A male form of "the pill" has stymied researchers for years, but now a new study finds that such male birth control may be possible by blocking a single protein in sperm cells.

In a mouse study, the researchers focused on a protein called calcineurin, which is found in the sperm-producing cells of the testes as well as other cells in the body.

The researchers genetically engineered mice so that they lacked a gene that makes part of the calcineurin protein but is activatedonly in sperm-producing cells. When these mice had sex, they were infertile, the researchers said. (This genetic engineering experiment was done as a proof of concept, to show that this gene affects sperm,)

In a separate experiment, the researchers treated the mice with two drugs that block calcineurin, called cyclosporine A and FK506. Both of these drugs are already used in patients who've had organ transplants to suppress the immune system and prevent the organ from being rejected by the body.

After about four to five days of treatment, the mice developed defects in their sperm and became infertile. But once the treatment was stopped, these defects went away, and the mice were fertile again within a week.

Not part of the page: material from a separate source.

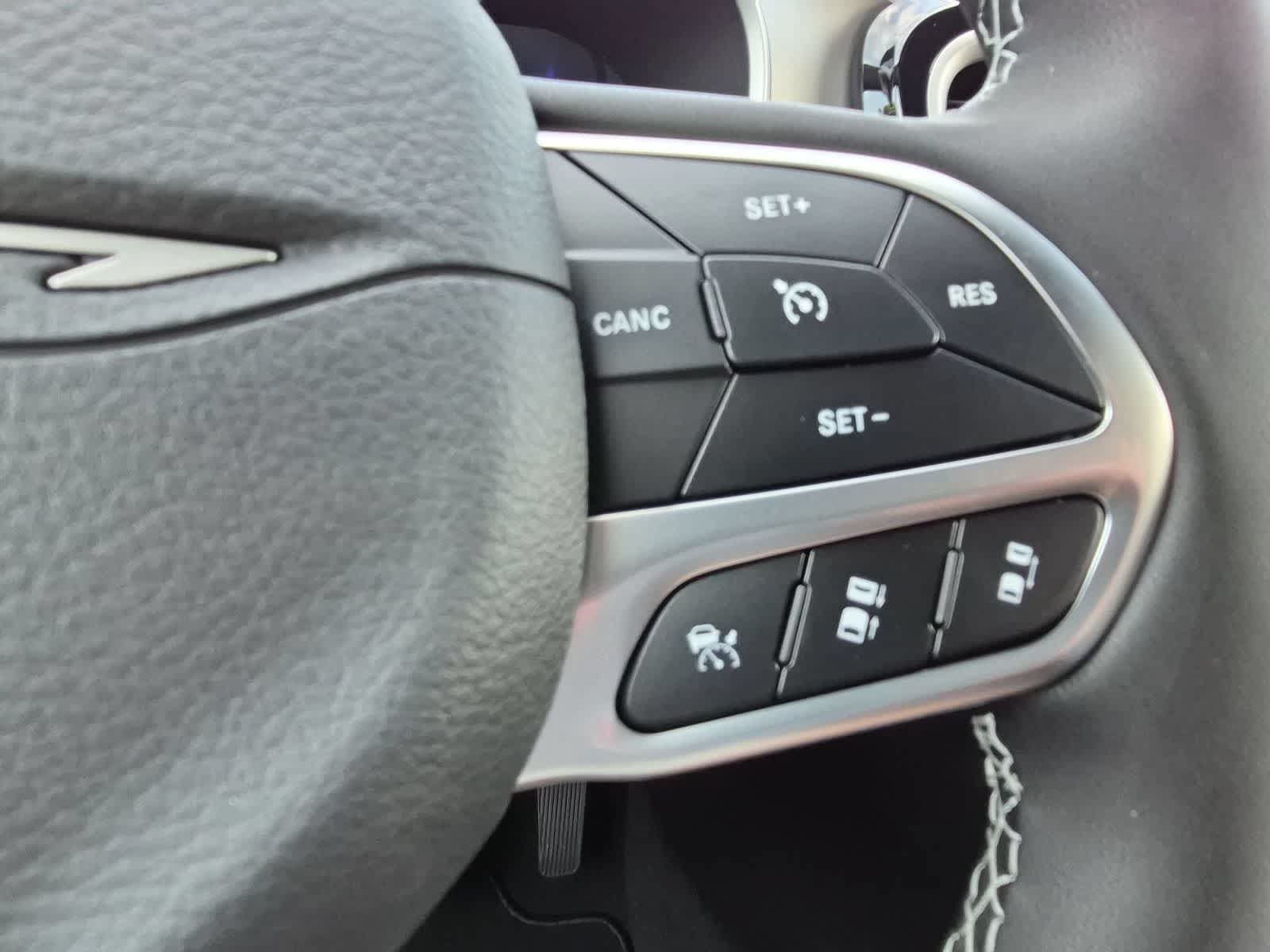 New 2027 Chrysler Pacifica LX FWD image 23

"Considering these results in mice, sperm calcineurin may be a target for reversible and rapidly acting human male contraceptives," the researchers, from Osaka University in Japan, wrote in the Oct. 1 issue of the journal Science Express. The researchers noted that human sperm also contain the calcineurin protein, and that part of the protein is specific to sperm. [Sexy Swimmers: 7 Facts About Sperm]

When the researchers tried to figure out why their genetically engineered mice were infertile, they found that the mice's sperm cells did not swim well and were not able to fertilize eggs. Further experiments found that themidpieces of these sperm didn't bend normally, which prevented the sperm from penetrating the membrane of an egg.

However, because the study was conducted in mice, it's not clear if the findings will translate to humans. In a small, previous study of nine men who took cyclosporine A after a kidney transplant, researchers found that three of the four men who attempted to have children were successful. But other studies in men have suggested that cyclosporine A does affect sperm movement.

Patricia Morris, director of biomedical research at the New York-based nonprofit research organization Population Council, said that calcineurin is an interesting target for a male contraceptive because it is not a hormone. Approaches to male contraception that target hormones can affect sex drive and thus are less desirable as contraceptives, said Morris, who was not involved in the new study in mice.

"We certainly need male contraceptives, and new designs that aren't hormone-based are really welcomed in terms of acceptability," Morris said.

In addition, targeting a protein that's found only in sperm would theoretically eliminate the possibility of side effects in other tissues, Morris told Live Science.

"The holy grail of any drug development is, you want it to be specific," Morris said. "And that's what makes [this] such an enticing, kind of exciting prospect."